● **Work task**: From the first line to the last, write out the records exactly, leaving the pictures behind.

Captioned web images
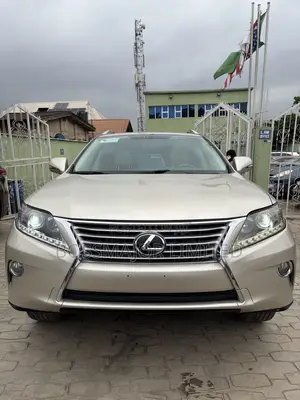 Lexus RX 350 AWD 2014 Gold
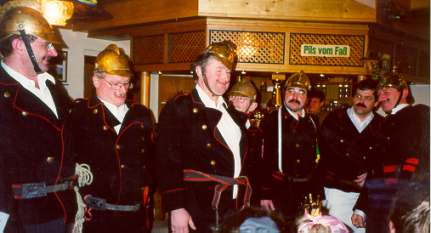 D'Feuerwehrübung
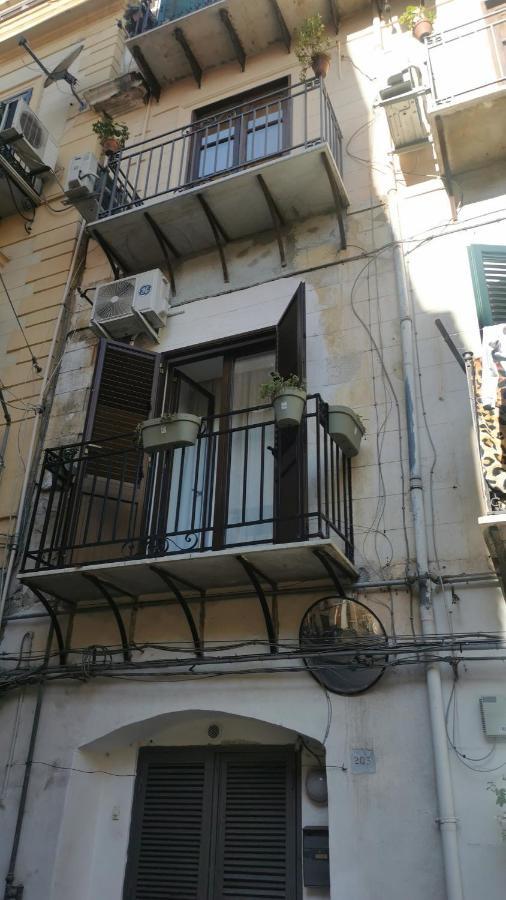 Ferienwohnung Le Stanze Di Ballaro Palermo Exterior foto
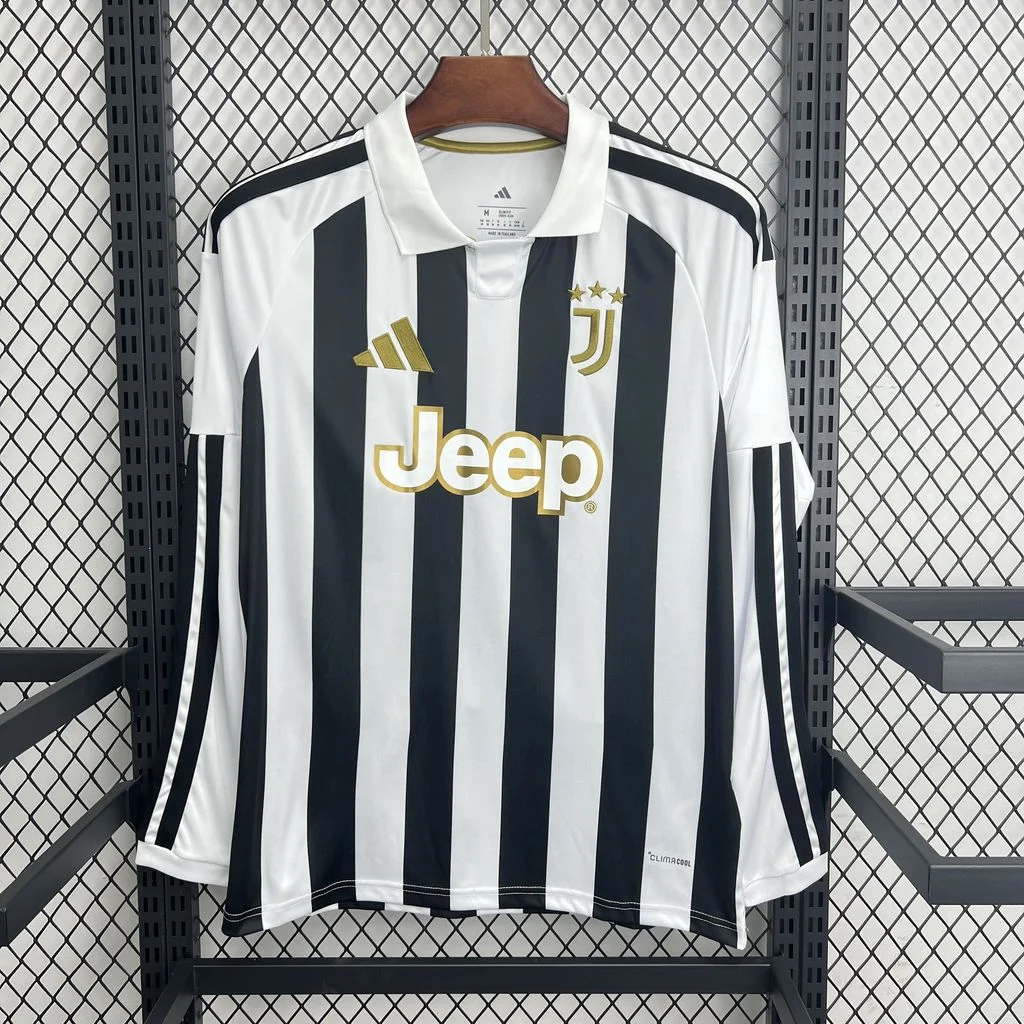 Buy Juventus Home Full Sleeves Fan Jersey 2026/27 Buy Juventus Home Full Sleeves Fan Jersey 2026/27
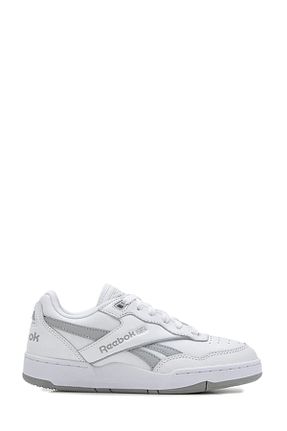 کفش اسنیکر سفید زنانه چرم اصل Reebok - کد 812568045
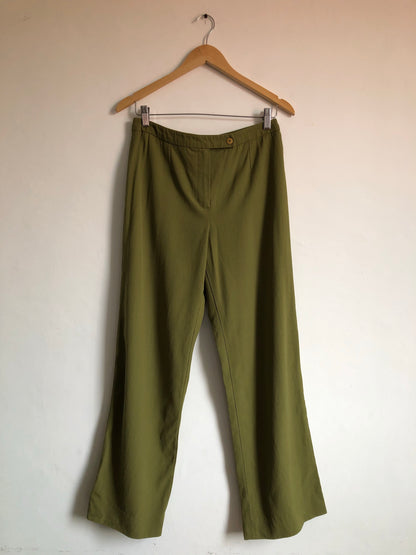 Olive Green Pants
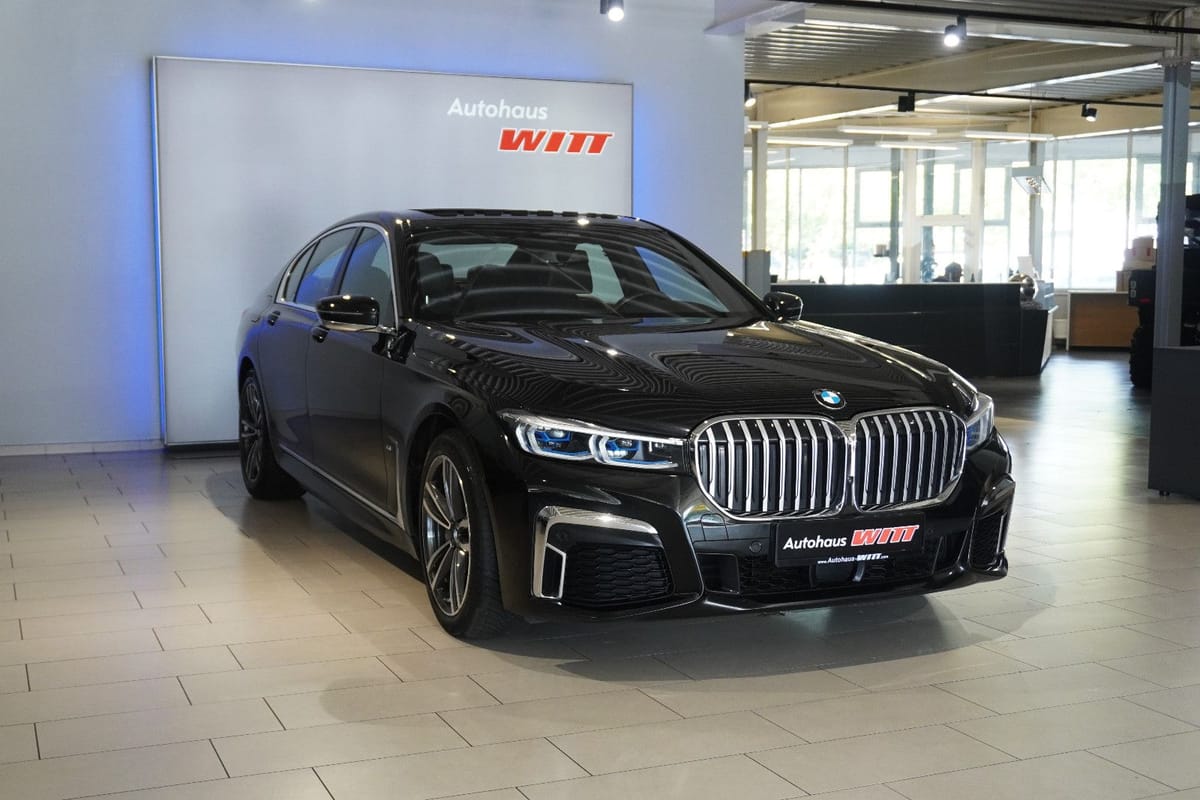 BMW 740xd ~M Sport~HUD~Har&Ka~Soft~SD~Stdhz~Gestik~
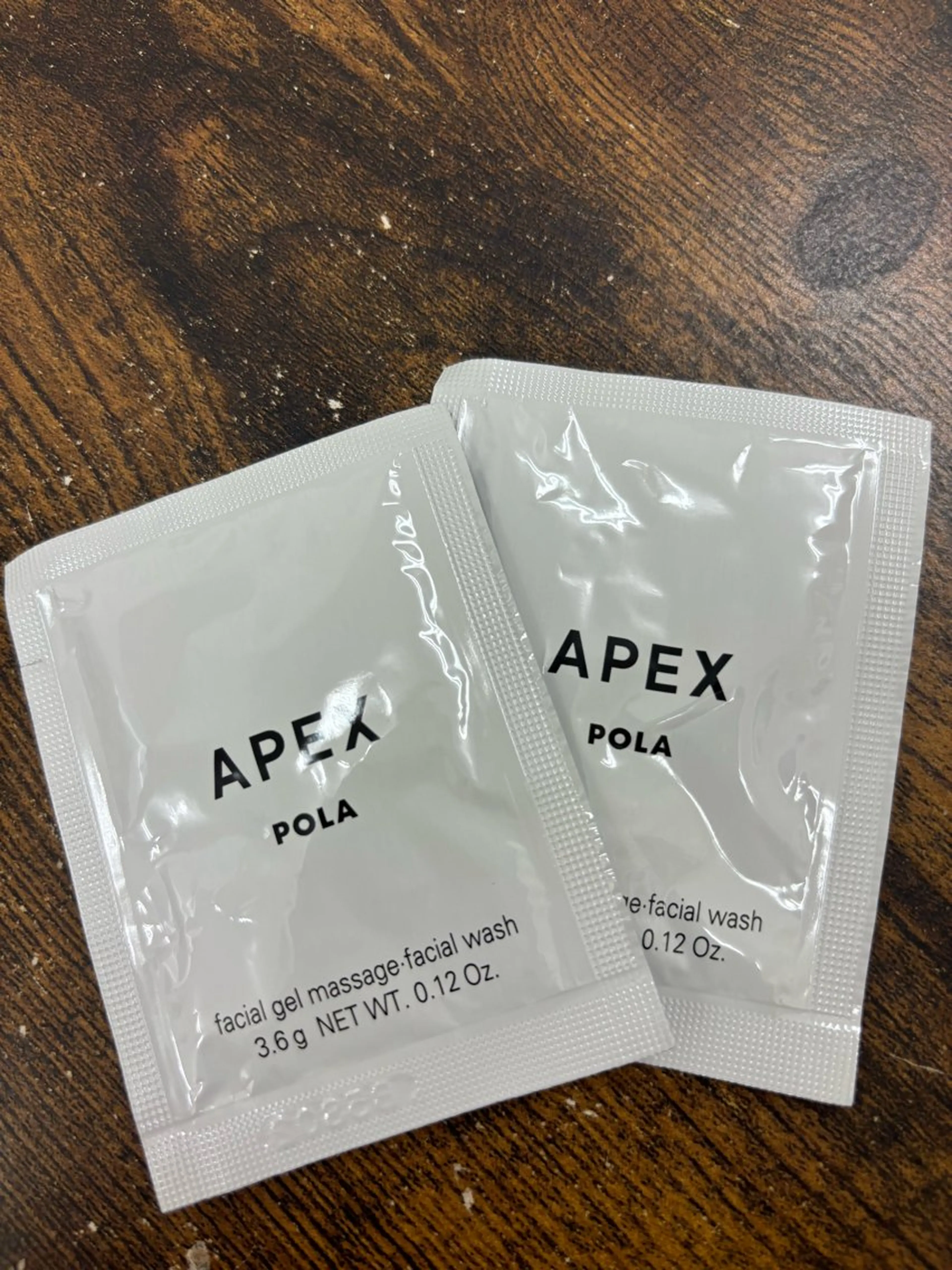 オーダーメイドコスメAPEX体感モニターの写真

● **Response to this task**:
 Lexus RX 350 AWD 2014 Gold
 D'Feuerwehrübung
 Ferienwohnung Le Stanze Di Ballaro Palermo Exterior foto
 Buy Juventus Home Full Sleeves Fan Jersey 2026/27 Buy Juventus Home Full Sleeves Fan Jersey 2026/27
 کفش اسنیکر سفید زنانه چرم اصل Reebok - کد 812568045
 Olive Green Pants
 BMW 740xd ~M Sport~HUD~Har&Ka~Soft~SD~Stdhz~Gestik~
 オーダーメイドコスメAPEX体感モニターの写真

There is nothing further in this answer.